The paper contains interesting results and the discussion seems sound, which provides insight into different aspects of deep convection in the area. Nevertheless, it seems to me that the methodology is not presented with sufficient detail as to guarantee reproducibility by other researchers. Thus, before recommending publication, I ask the author to expand and clarify the following aspects:
- The only mention to the state variable used to reconstruct the attractor properties is the sentence ‘’the MLD (=Mixed Layer Depth) will be taken as the representative system state of deep convection in the Gulf of Lion”. I interpret that the time-dependent vector x(t) which is used in the dimension estimation method is the vector made with all values of MLD, one for each horizontal grid point in the reanalysis, at a given time. And that the Euclidean distance mentioned later acts on this vector. It seems to me that this is the reasonable interpretation of the methodology in the paper, but I feel that given the basic role this vector takes in the whole paper, its characteristics need to be more explicitly described: for example, to mention its dimensionality (number of grid points used). The need for this type of clarification is stressed by the fact that MLD configurations are never plotted, and only the ‘maximum values’ are mentioned plotted in Figs. 2 and 4-7. This exclusive reference to the ‘max MLD’ makes the reader to doubt if really the whole MLD configuration is being used as system state or just the time series of maxima.
- The definition of ‘max MLD’ is also not very precise. The reanalysis provides daily values of MLD at each horizontal grid point, so that it seems natural to interpret the ‘max MLD’ as the maximal depth in the MLD spatial configuration each day. But this is never explicitly said and other interpretations could point to the maximum value in a space-time interval. This is further supported by the comment at the end of the caption of Fig. 2, which mentions ‘monthly maximum and median’ for the Argo data.
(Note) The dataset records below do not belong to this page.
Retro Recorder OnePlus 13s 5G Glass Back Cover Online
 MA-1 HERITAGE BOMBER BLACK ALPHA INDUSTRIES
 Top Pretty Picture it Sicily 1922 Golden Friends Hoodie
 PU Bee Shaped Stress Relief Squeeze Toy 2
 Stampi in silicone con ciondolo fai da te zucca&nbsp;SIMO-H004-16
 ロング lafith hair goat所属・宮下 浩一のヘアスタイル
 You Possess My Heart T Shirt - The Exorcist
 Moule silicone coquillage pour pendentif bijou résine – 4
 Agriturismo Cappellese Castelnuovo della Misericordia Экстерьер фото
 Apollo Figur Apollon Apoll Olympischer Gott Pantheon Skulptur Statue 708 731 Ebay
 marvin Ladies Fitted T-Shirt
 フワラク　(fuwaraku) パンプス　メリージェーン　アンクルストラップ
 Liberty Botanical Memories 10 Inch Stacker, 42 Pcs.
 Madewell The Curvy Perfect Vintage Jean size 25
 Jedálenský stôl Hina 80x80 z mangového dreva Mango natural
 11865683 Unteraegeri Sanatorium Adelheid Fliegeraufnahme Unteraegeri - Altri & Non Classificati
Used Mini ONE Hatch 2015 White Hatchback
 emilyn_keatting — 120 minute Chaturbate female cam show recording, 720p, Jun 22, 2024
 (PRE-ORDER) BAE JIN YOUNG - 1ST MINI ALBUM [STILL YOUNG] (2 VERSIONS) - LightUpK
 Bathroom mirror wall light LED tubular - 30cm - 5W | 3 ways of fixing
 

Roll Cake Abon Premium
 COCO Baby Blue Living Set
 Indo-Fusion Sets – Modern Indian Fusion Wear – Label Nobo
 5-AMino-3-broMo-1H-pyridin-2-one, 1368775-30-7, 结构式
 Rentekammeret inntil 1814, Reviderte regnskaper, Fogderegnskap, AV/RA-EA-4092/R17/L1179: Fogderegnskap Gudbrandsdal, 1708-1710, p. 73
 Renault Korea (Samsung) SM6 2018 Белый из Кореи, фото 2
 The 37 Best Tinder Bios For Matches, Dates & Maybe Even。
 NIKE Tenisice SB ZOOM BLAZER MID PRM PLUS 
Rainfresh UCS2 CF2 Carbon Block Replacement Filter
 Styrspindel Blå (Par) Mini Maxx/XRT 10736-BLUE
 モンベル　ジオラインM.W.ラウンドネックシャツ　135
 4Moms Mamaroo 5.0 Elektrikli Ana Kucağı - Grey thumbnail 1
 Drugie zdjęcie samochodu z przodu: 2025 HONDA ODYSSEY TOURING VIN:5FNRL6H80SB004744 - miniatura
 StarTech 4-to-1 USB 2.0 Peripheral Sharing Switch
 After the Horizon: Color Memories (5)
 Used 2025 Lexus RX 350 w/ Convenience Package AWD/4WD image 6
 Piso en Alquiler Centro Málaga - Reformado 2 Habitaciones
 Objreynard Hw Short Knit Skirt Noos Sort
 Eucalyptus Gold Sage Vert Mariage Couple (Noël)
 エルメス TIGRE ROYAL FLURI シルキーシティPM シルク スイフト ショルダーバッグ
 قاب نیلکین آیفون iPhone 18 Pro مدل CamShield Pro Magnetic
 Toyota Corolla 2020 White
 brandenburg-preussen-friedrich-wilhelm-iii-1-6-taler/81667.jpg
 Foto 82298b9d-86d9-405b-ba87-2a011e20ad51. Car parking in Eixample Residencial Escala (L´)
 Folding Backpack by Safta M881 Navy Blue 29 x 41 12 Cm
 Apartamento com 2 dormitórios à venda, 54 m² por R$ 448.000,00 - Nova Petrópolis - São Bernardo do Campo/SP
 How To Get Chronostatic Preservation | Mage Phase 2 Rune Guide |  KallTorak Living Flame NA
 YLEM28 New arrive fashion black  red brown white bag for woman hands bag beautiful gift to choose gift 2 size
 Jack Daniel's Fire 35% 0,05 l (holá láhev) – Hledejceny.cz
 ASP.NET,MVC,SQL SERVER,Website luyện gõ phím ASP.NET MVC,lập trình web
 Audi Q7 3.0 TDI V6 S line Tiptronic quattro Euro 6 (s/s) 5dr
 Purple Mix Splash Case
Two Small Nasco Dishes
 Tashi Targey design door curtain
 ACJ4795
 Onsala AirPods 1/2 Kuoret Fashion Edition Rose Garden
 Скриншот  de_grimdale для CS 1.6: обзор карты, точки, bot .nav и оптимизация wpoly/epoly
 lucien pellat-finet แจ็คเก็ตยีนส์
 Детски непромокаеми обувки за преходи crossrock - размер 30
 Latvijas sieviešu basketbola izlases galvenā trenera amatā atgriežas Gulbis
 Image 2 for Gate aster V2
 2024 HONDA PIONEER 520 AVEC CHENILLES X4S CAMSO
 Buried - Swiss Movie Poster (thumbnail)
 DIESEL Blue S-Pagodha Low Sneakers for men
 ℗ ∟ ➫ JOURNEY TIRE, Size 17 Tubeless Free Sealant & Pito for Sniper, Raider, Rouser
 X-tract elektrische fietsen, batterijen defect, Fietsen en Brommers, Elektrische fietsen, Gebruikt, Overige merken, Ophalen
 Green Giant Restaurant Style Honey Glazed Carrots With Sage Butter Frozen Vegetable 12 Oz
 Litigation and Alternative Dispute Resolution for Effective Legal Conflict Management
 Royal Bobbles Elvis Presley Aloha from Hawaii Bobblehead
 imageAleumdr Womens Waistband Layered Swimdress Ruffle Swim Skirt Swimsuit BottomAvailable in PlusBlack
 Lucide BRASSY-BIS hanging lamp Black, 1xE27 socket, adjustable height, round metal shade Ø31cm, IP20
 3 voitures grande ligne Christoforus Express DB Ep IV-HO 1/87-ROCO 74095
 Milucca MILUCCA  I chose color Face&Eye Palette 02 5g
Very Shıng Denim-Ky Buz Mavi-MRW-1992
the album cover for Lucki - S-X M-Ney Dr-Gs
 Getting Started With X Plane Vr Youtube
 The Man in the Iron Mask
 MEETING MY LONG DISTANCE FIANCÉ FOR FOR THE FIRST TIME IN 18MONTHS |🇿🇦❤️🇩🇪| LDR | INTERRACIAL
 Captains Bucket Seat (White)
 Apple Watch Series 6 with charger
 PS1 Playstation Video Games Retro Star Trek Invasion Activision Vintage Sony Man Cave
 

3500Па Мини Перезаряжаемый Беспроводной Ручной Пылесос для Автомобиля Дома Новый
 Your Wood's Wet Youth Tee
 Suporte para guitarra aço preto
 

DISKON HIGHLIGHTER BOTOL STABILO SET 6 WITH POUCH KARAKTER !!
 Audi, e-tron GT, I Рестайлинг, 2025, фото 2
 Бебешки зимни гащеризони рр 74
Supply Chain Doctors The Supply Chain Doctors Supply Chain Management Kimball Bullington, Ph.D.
Please explicitly state, for each data source, over which spatial, temporal, or spatio-temporal window are the maxima taken.
- Data on deep convection from the reanalysis and from Argo profiles are very different. The author ‘corrects’ reanalysis data by comparing them with Argo, Somot and Marginier data. But no details are given on how the correction is done, which set of time steps are ‘removed’ and under which criteria. It seems that ‘too discrepant’ data are ‘removed’ from the reanalysis data set. But in the text and fig. 2, 19 years are said to be removed but in table 1 only 18 are moved from the ‘deep-convection’ to the ‘not-deep-convection’ category. Please explain in detail which objective criteria are used to ‘correct’ which time-steps (daily?) of the reanalysis, and the rationale for this.
- Despite the large differences between reanalysis and Argo data, Fig. 3 seem to imply that they give very similar results for the dimension estimation. The reason for this needs some explicit explanation.
- There are essentially no details on the path between the MLD data and the final d estimation. A threshold value of 98% percentile for g1 is used without justification. Some sensibility analysis is in order to demonstrate that this is an appropriate threshold, for example by showing results for other values, or showing that the distribution of z for this threshold is indeed a Generalized Pareto (in fact, a simple exponential in this case), or other data that can convince the reader that the hypothesis needed for the validity of the methodology are indeed satisfied here to a good extent.
- As a minor point, the color scales used in Fig. 7 b and c are quite confusing: First, at difference with panels a and d, here reddish/violet colors, easily confused, appear at both ends of the scale, which leads to difficult reading of the data in the plots. Second, the orientation of the colors is exactly opposite (red for low values in b, red for high values in c), which is really confusing. Please use in panels b and c a color scale of the type used in a or d.